In this work, authors present an approach that prunes a given network once at initialization prior to training. To achieve this, a saliency criterion based on connection sensitivity was introduced. Saliency criterion identifies structurally important connections in the network for the given task. This eliminates the need for both pretraining and the complex pruning schedule while making it robust to architecture variations. Here, weight initialization method has a significance since saliency scores are calculated directly from the initial weights without training. Therefore, authors advocate the use of variance scaling methods so that variance remains the same throughout the network.

While computing the saliency scores, one batch from the dataset is sampled. Then, mask values ($m$) which is initially equal to 1 of each weight is modified a bit ($m-δ$ or $1-δ$) and change in the loss is observed sequentially.  Finally, weights with smallest saliency scores are removed based on the predefined sparsity level. After pruning, the sparse network is trained in the standard way.
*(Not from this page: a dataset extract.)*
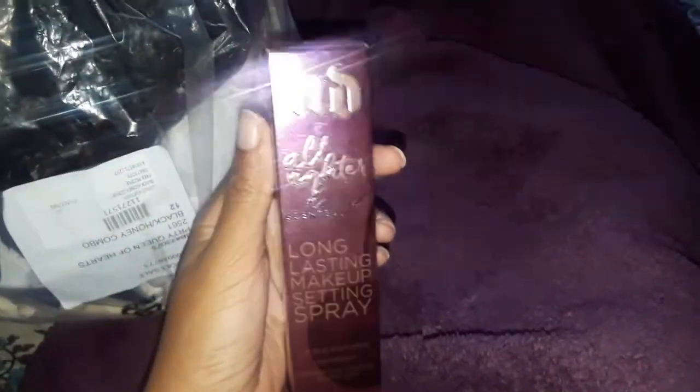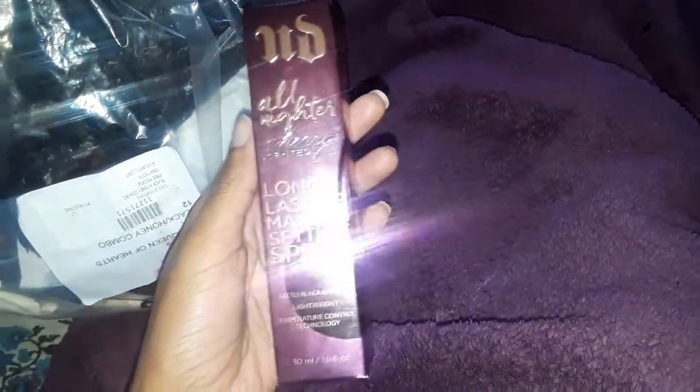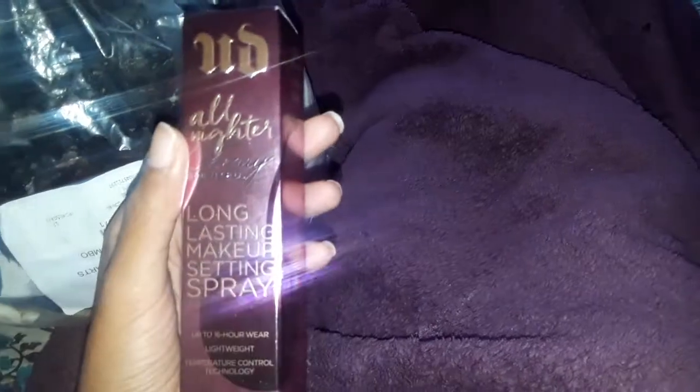So What's in the Bag — I got this setting spray from Urban Decay that I like. I want to get another one for Christmas because it smells like black cherry. It smells really good and it's worth it. I want to get two more of these for Christmas. It smells just like black cherry soda.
# Pruning via Iterative Ranking of Sensitivity Statistics
## preprint 2020
#### Stijn Verdenius, Amartya Sanyal, Harkirat S. Behl

It has been demonstrated that modern neural networks can effectively be pruned before training. Yet, its sensitivity criterion has been criticized for not propagating training signal properly or even disconnecting layers which stops information flow. As a remedy, GraSP was introduced but have to compromised on simplicity. This work showed that by applying the SNIP's own sensitivity criterion iteratively in smaller steps - still before training- greatly improves the performance: 'SNIP-it.'

The intuition goes as follows; certain medium-ranking model components, that are not that important to the loss initially, will be more important after the initial pruning-event. Specifically, authors hypothesized that some model components can be more important in the sub-network than they were in the parent-network- i.e. the parent-network does not effectively dictate how information flows through the sub-network in isolation. By pruning more conservatively, in multiple rounds, they grant the model components another chance, therefore making the process more robust to the pruning algorithm and lowering the chance of disconnecting the network. 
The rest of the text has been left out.